Page MenuHomePhabricator

Rework rup collation in IcuCollation.php
Open, Needs TriagePublic

Description

The 'rup' first letters in IcuCollation.php seem to be a combination of the Romanian collation with some additional characters. While rup has not been "officially" standardized, there has been some self-standardisation as described here, which is totally different from what we have.

This needs to be investigated both with the community and external sources.

Event Timeline

Note that we have a Wikipedia in this language, but it's under 'roa-rup' (https://roa-rup.wikipedia.org/) for historical reasons; see T17988: Rename 'roa-rup' wikis to 'rup'.

Interestingly, there's some kind of "script switcher" at the top there, letting the reader choose between [ ăâ/ḑ/ľ/ń/ș/ț ], [ ăâ/dz/l'/n'/ș/ț ] and [ ã/dz/lj/nj/sh/ts ].

The "Ş", "Ţ" in our collation instead of "Ș", "Ț" are certainly wrong (based on the relation to Romanian and a quick look at that wiki), so let's fix that part.
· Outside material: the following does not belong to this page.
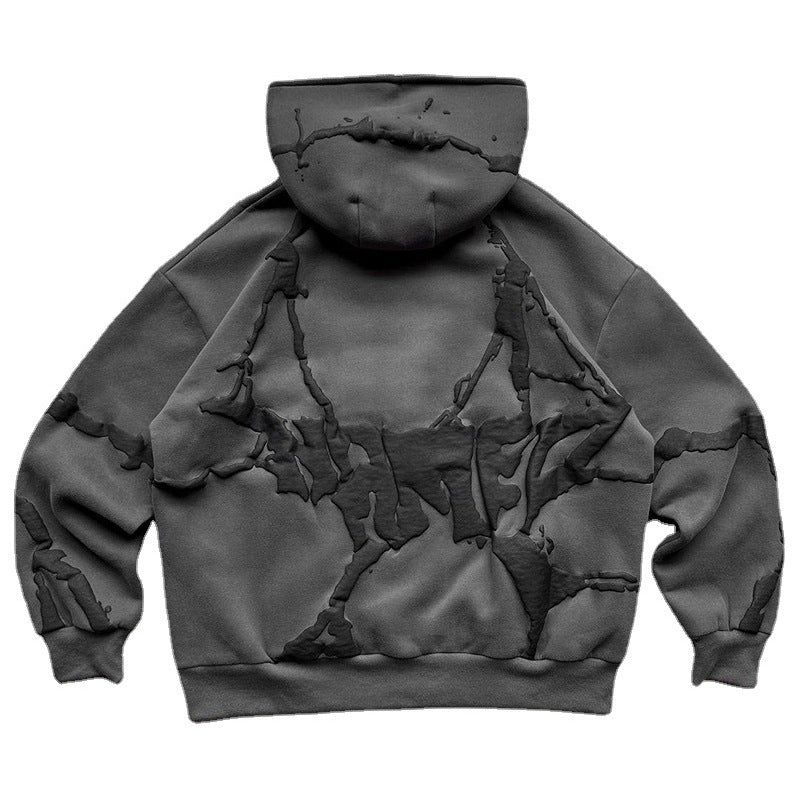 MAVORE Oversized Zip-Up Hoodie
Change 366316 had a related patch set uploaded (by Bartosz Dziewoński; owner: Bartosz Dziewoński):
[mediawiki/core@master] IcuCollation: Fix diacritic characters for Aromanian (rup) and Moldovan (mo) headings

https://gerrit.wikimedia.org/r/366316

Change 366316 merged by jenkins-bot:
[mediawiki/core@master] IcuCollation: Fix diacritic characters for Aromanian (rup) and Moldovan (mo) headings

https://gerrit.wikimedia.org/r/366316